7. Ligne (1) selon l'une quelconque des revendications précédentes, dans laquelle l'élément
de tension (181) est orienté en parallèle à la direction de la force du poids.
8. Ligne (1) selon l'une quelconque des revendications précédentes, qui comprend un capteur
de tension (19), configuré pour mesurer la tension de la bande, et dans laquelle l'unité
de contrôle est configurée pour recevoir des signaux de tension (103), qui représentent
la tension de la bande, à partir du capteur de tension (19), pour générer des signaux
de contrôle (102), en fonction des signaux de tension (103), et pour indiquer à l'actionneur
(182), à travers les signaux de contrôle (102), qu'il déplace l'élément de tension
(181).
9. Ligne (1) selon l'une quelconque des revendications précédentes, dans laquelle le
premier rouleau actionné par moteur (11A) est situé en aval de la station de scellage
(14) au long du trajet d'alimentation (P) et/ou dans laquelle le deuxième rouleau
actionné par moteur (11B) est positionné en amont de la station de coupe (15).

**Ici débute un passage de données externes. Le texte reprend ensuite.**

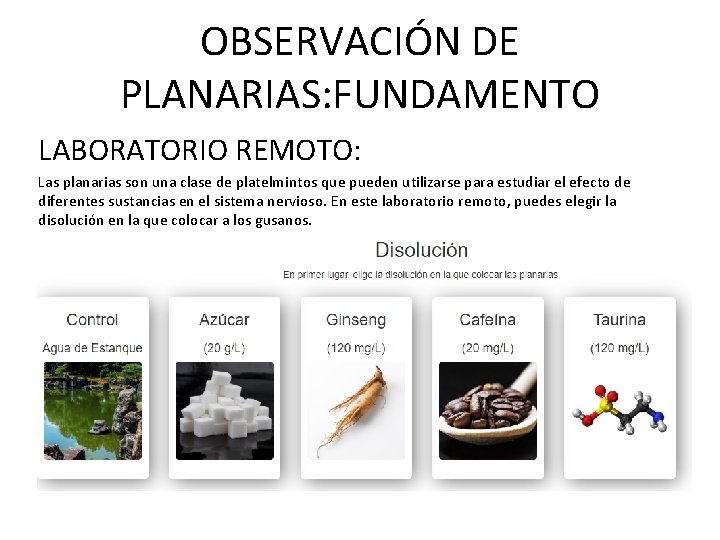 OBSERVACIÓN DE PLANARIAS: FUNDAMENTO LABORATORIO REMOTO: Las planarias son una clase de platelmintos que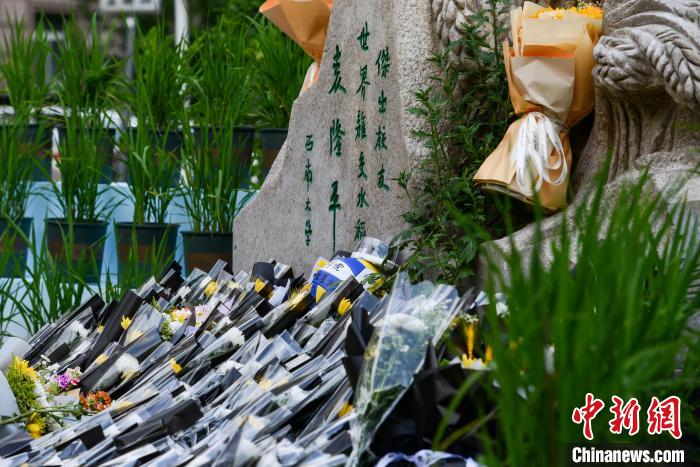 5月22日，在西南大學校園內的袁隆平雕像被鮮花、水稻植株圍繞?！『闻罾?攝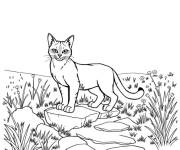 Coloriage Chat guerrier adorable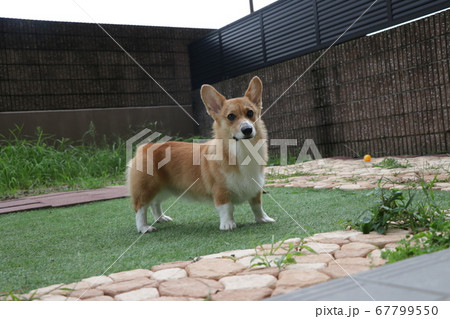 シュッとしたコーギー シュッとしたコーギー 67799550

10. Méthode pour emballer des produits dans des sacs qui comprend les étapes suivantes:
- recevoir la bande à partir d'une bobine (12A) et alimenter de manière intermittente
la bande au long d'un trajet d'alimentation (P) en utilisant une succession de mouvements
d'avancée à séparation prédéterminée;
- plier la bande autour d'une ligne de pliage (131) orientée au long du trajet d'alimentation
(P) pour superposer des rabats premier et deuxième de la bande;
- sceller les rabats premier et deuxième de la bande au long de lignes de scellage
(141A) orientées de manière transversale à la ligne de pliage (131);
- couper la bande d'emballage pour définir une pluralité de sacs d'emballage;
- remplir la pluralité de sacs d'emballage avec le produit;
- sceller la pluralité de sacs;
dans laquelle l'étape d'alimentation comprend:
- une première succession de mouvements d'avancée (S1), avec une première étape d'alimentation,
utilisant un premier rouleau actionné par moteur (11A) disposé pour déplacer la bande
à travers les stations de pliage et de scellage ;
- une deuxième succession de mouvements d'avancée (S2) différents de ceux de la première
succession de mouvements d'avancée (S1), avec une deuxième étape d'alimentation, utilisant
un deuxième rouleau actionné par moteur (11B) disposé pour déplacer la bande à travers
la station de coupe ;
- ajuster la tension de la bande au moyen d'une unité d'ajustement (18) positionnée,
sur la ligne d'emballage, dans une position intermédiaire entre les rouleaux actionnés
par moteur premier (11A) et deuxième (11B) au long du trajet d'alimentation (P),
caractérisée en ce qu'elle comprend les étapes suivantes:
- mouvement contrôlé d'un élément de tension (181), connecté avec la bande, entre
une première position opérationnelle (P1) et une deuxième position opérationnelle
(P2), au moyen d'un actionneur (182) contrôlé par une unité de contrôle (10), pour
faire varier la longueur du trajet d'alimentation (P), dans laquelle, dans l'étape
de mouvement contrôlé, l'unité de contrôle (10) reçoit les données de travail (101)
qui représentent les successions de mouvements d'avancée première (S1) et deuxième
(S2), génère des signaux de contrôle (102) en fonction des données de travail (101)
et envoie les signaux de contrôle (102) à l'actionneur (182) pour lui indiquer qu'il
déplace l'élément de tension (181) de sorte à faire varier la longueur du trajet d'alimentation
(P).
11. Méthode selon la revendication 10, qui comprend une étape de déplacement d'un élément
de tension (185) complémentaire, connecté avec la bande, pour faire varier, en fonction
d'une position de l'élément de tension (185) complémentaire, la longueur du trajet
d'alimentation (P).
12. Méthode selon la revendication 11, dans laquelle l'étape de déplacement de l'élément
de tension (185) complémentaire comprend une absorption par étape d'amortissement,
dans laquelle un élément d'amortissement (186) applique une force d'opposition, opposée
au sens d'un mouvement de l'élément de tension (185) complémentaire.